Proving electric field constant between two charged infinite parallel plates

Hope this helps.

• Makes sense, thanks! Feb 16 at 18:53
• @ihateelectricalphysics I have added a link for a more rigorous mathematical proof. Hope this helps. Feb 16 at 19:02

The mathematical answer to your question is to derive Gauss's law from Coulomb's law (https://en.wikipedia.org/wiki/Gauss%27s_law#Deriving_Gauss's_law_from_Coulomb's_law), then apply Gauss's law to the infinite sheet (http://hyperphysics.phy-astr.gsu.edu/hbase/electric/elesht.html).

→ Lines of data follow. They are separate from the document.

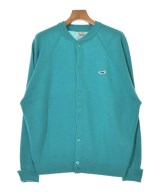 PENNEYS カーディガン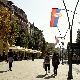 И службеници изборних комисија са севера КиМ поднели оставке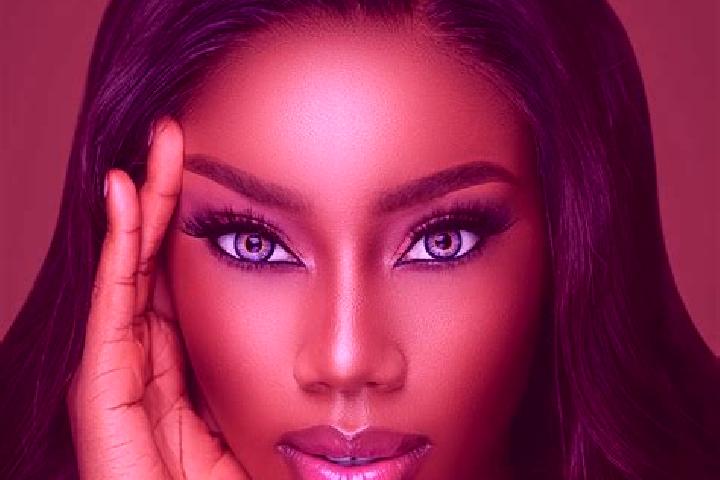 Emma, 35, a chestnut blue-eyed ebony companion based in Monchy-Lagache. Offering Roleplay, Erotic Massage, Domination, Massage, Striptease. Available for inc...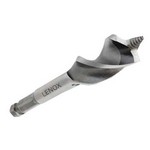 American Saw & Manufacturing Co. / Lenox 10952-BIT BI-METAL UTILITY BIT 1-1/4 X 6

For an intuitive answer, consider an infinite sheet of charge with a pinhole in it. Suppose we start a charge in that pinhole. All the electric forces pushing on the charge in the pinhole are counterbalanced by an equal and opposite push from the opposite side, so the charge experiences a net force of 0. We know the $$E \propto F$$ so E must also be 0.

Now suppose we move the charge just the tiniest bit upwards. The net force in any direction other than up is still 0, but now each charge contributes an upwards force $$F \propto \frac{sin(\theta)}{r^2}$$.

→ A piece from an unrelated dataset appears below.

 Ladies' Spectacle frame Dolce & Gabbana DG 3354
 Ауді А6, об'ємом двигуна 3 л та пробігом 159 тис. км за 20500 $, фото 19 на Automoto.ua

$$sin(\theta) \approx 0$$ for $$\theta \approx 0$$ and $$sin(\theta) \approx 1$$ for $$\theta \approx \pi/2$$

Let's pick some angle $$0 \lt x \lt \pi/2$$ and approximate all the distant charges $$\theta \lt x$$ as $$\theta = 0$$ and pretend all the nearby charges $$\theta \gt x$$ are on a point directly under our test charge.

In theory we could pick x just right (by doing calculus and finding the average sin component provided by the infinite distribution), but let's just suppose we drastically over-estimate for now and say $$x = 10^{-1000000}$$ or so.

Now we've killed our infinity by multiplying it by 0 and what we're left with is a point charge a distance r away from a "source" point charge $$Q$$ with the magnitude of all the charges under the cone defined by angle x and height r.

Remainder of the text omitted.